Antes de marcharse, echa un último vistazo al dormitorio. El trofeo está sobre la cama. El ángulo de la base está lleno de sangre y hay bastantes cabellos pegados. La figura representa a un futbolista a punto de chutar y marcar un gol. El ganador del trofeo, tendido en el catre, tiene un aspecto mucho menos victorioso. El ácido ha fundido su garganta, que ahora no es más que un amasijo de carne blanca y rosada. Parece como si, tirando con un poco de fuerza, se le pudiera arrancar la cabeza de cuajo. Tiene los ojos abiertos, desorbitados, cubiertos por un ligero velo que ha apagado la mirada, como los ojos de vidrio de los osos de peluche, Alex tiene uno así.

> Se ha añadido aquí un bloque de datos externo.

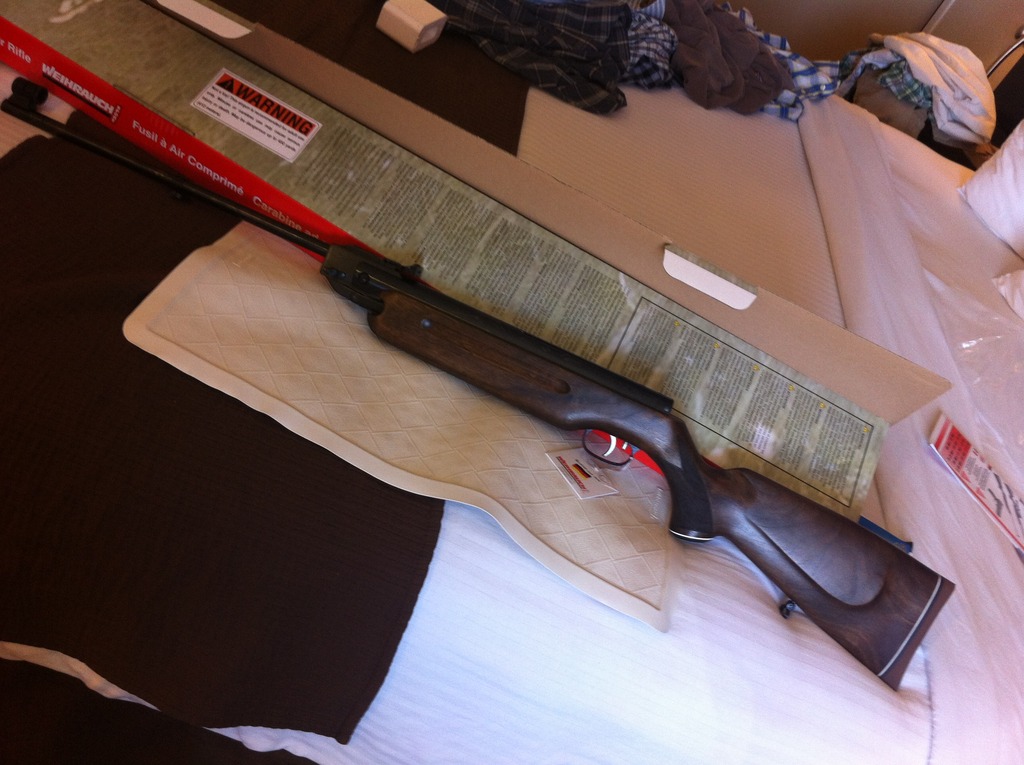HW35E -1 Out of the Box.jpg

Sin darle la vuelta, Alex le registra la americana para coger las llaves. Sale a la escalera y luego baja al aparcamiento.

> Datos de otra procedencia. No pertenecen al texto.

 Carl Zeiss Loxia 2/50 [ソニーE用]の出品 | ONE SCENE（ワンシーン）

Acciona el mando en el último instante, cuando ya está junto al coche.

Arranca en cinco segundos. Abre del todo la ventanilla, el olor a colilla es asqueroso. Alex piensa en que es una buena noticia para Félix: acaba de dejar de fumar.

Un poco antes de llegar a la porte de París, da un pequeño rodeo y detiene el vehículo un instante junto al canal, frente al edificio de las Fundiciones Generales. La inmensa construcción, sumergida en la noche, parece un animal prehistórico. Alex siente un escalofrío en la espalda con solo pensar en lo que ha vivido allí dentro. Abre la puerta, da unos pasos, arroja el ordenador portátil de Félix al canal y vuelve a subir al coche.

A esa hora, se llega al aparcamiento de la Cité de la Musique en menos de veinte minutos.

Estaciona el coche en el segundo sótano y arroja las llaves a una alcantarilla antes de dirigirse al metro.